## PROMPT:
The whole listing below is to be copied exactly, with every picture left out.

## THE DATA:
>>>

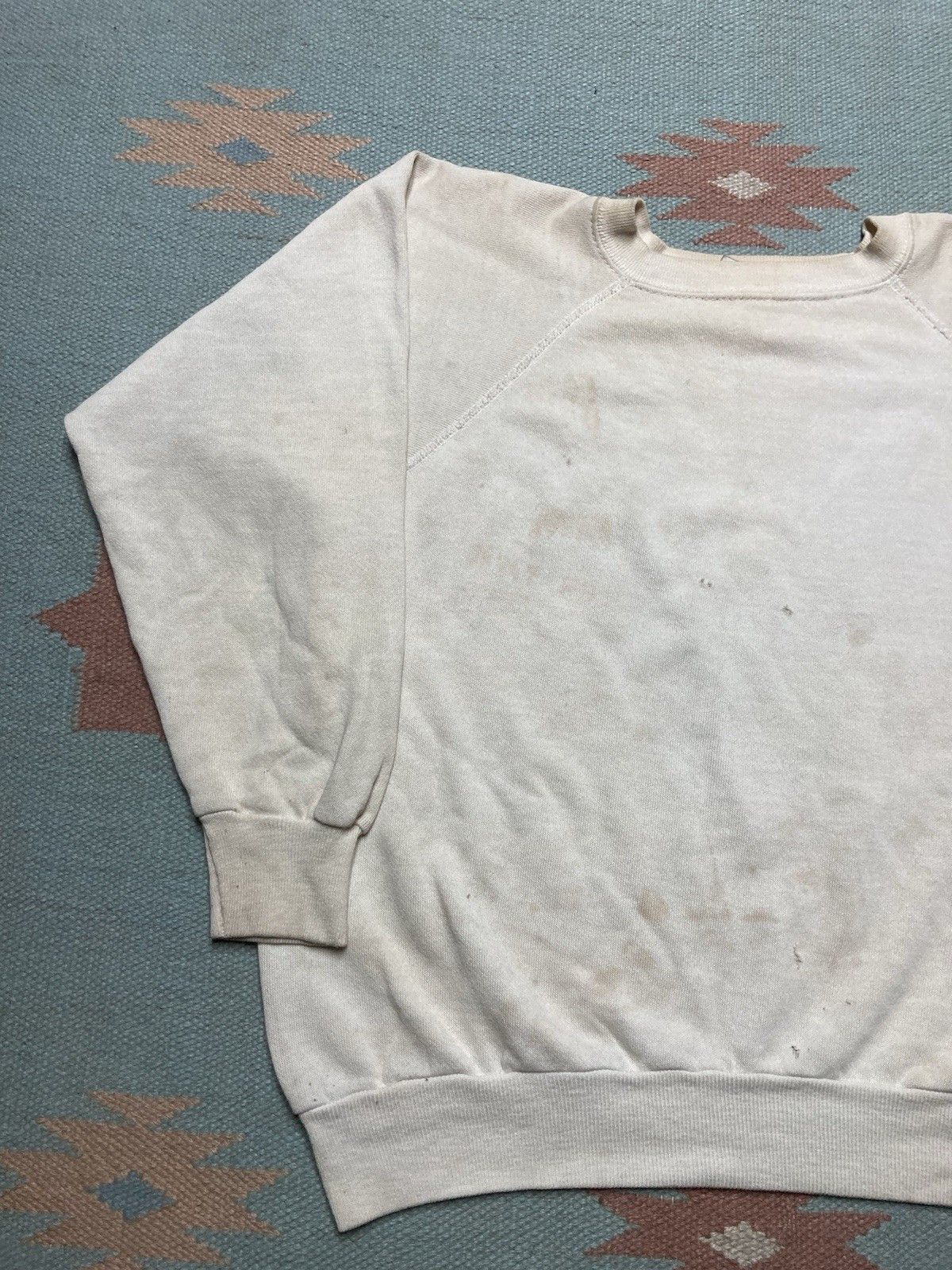 Vintage 80s crewneck sweatshirt blank white grunge distressed Large Size US L / EU 52-54 / 3 - 2 Thumbnail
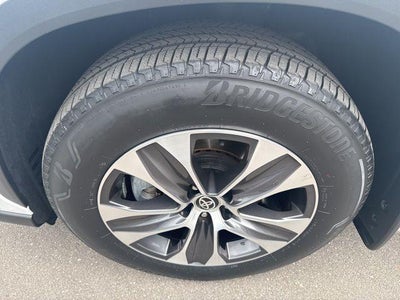 2022 Toyota HIGHLANDER HYBRD XLE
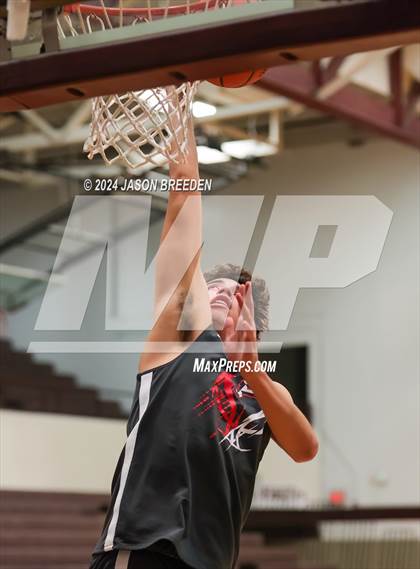 Thumbnail 1 in Pioneer vs. Vela (UIL Basketball 5A Regional Quarterfinal) photogallery.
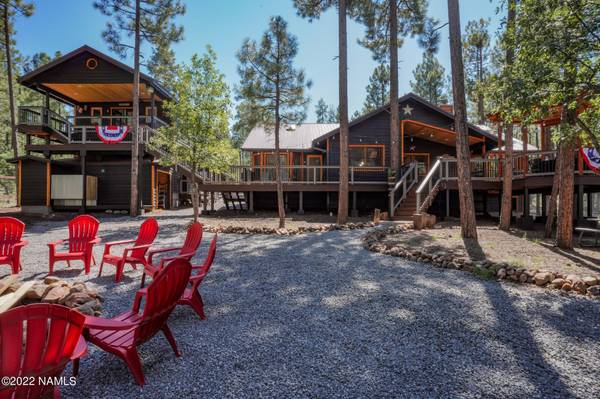 2752 Pine Wood Lane,  Pine Top,  AZ 85935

<<<

## ANSWER TO THIS TASK:
 Vintage 80s crewneck sweatshirt blank white grunge distressed Large Size US L / EU 52-54 / 3 - 2 Thumbnail
 2022 Toyota HIGHLANDER HYBRD XLE
 Thumbnail 1 in Pioneer vs. Vela (UIL Basketball 5A Regional Quarterfinal) photogallery.
 2752 Pine Wood Lane,  Pine Top,  AZ 85935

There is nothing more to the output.